Reduce to a redirect to ncoder-ai/VibeVoice-Large-AWQ

c4a4c28 verified about 1 month ago

2.41 kB

	---
	license: mit
	language:
	- en
	tags:
	- text-to-speech
	- tts
	- vibevoice
	- awq
	- int4
	- quantized
	base_model: rsxdalv/VibeVoice-Large
	base_model_relation: quantized
	library_name: transformers
	pipeline_tag: text-to-speech
	---

	# Use [`ncoder-ai/VibeVoice-Large-AWQ`](https://huggingface.co/ncoder-ai/VibeVoice-Large-AWQ) instead

	This repo holds the AWQ-INT4 Qwen2 LLM weights only, in isolation. It exists
	so the AWQ-quantized LLM can be composed by hand with a custom VibeVoice base
	(e.g. a fork, a fine-tune, or a different audio stack).

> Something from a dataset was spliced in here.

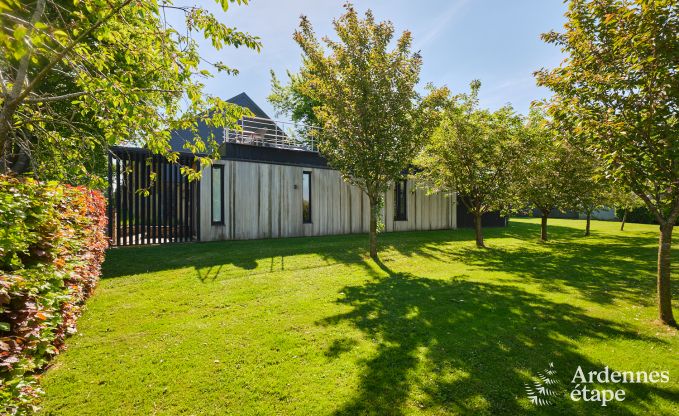 Unieke fermette voor 2 personen in B�llingen met priv�sauna, jacuzzi en buitendouche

	You almost certainly want the unified drop-in instead: [`ncoder-ai/VibeVoice-Large-AWQ`](https://huggingface.co/ncoder-ai/VibeVoice-Large-AWQ).

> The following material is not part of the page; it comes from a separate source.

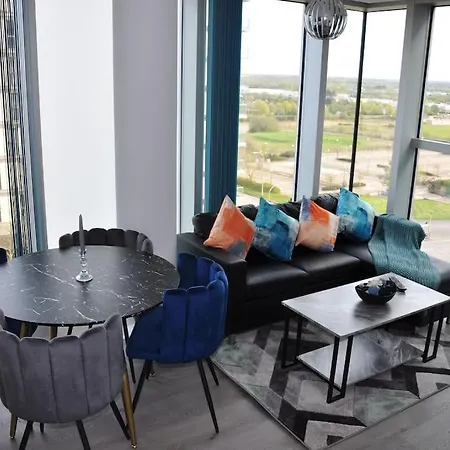 Stunning 2 Bedroom Apt Милтон-Кейнс Экстерьер фото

	That repo bundles the same AWQ-INT4 LLM with FP16 audio components into one
	checkpoint — `transformers.from_pretrained()` loads it directly, no manual
	graft step. Same speed, same VRAM (~8.4 GB), same audio quality.

	```python
	from vibevoice.modular.modeling_vibevoice_inference import VibeVoiceForConditionalGenerationInference
	import torch

	model = VibeVoiceForConditionalGenerationInference.from_pretrained(
	"ncoder-ai/VibeVoice-Large-AWQ",
	torch_dtype=torch.float16,
	device_map="cuda:0",
	).eval()
	```

	---

	## If you really need the LLM-only weights

	For advanced users hand-grafting the AWQ Qwen2 into a custom base. You provide
	the FP16 audio stack (acoustic tokenizer, diffusion head, connectors); this
	repo provides only the quantized language model.

	```python
	import torch, gc
	from vibevoice.modular.modeling_vibevoice_inference import VibeVoiceForConditionalGenerationInference
	from awq import AutoAWQForCausalLM

	# Your custom FP16 base
	model = VibeVoiceForConditionalGenerationInference.from_pretrained(
	"rsxdalv/VibeVoice-Large", torch_dtype=torch.float16, device_map="cuda:0",
	).eval()

	# Free FP16 LLM, graft AWQ Qwen2 in its place
	del model.model.language_model
	gc.collect(); torch.cuda.empty_cache()

	awq = AutoAWQForCausalLM.from_quantized(
	"ncoder-ai/VibeVoice-Large-AWQ-INT4",
	device_map={"": 0}, safetensors=True, fuse_layers=False,
	)
	model.model.language_model = awq.model.model
	del awq; gc.collect(); torch.cuda.empty_cache()
	```

	Quantization recipe: AutoAWQ, 4-bit, group_size=128, GEMM (Marlin) version,
	zero_point=True. Calibration: 250 samples (200 prose + 50 wikitext), 512-token
	max length.

	## License

	MIT — same as upstream `rsxdalv/VibeVoice-Large`.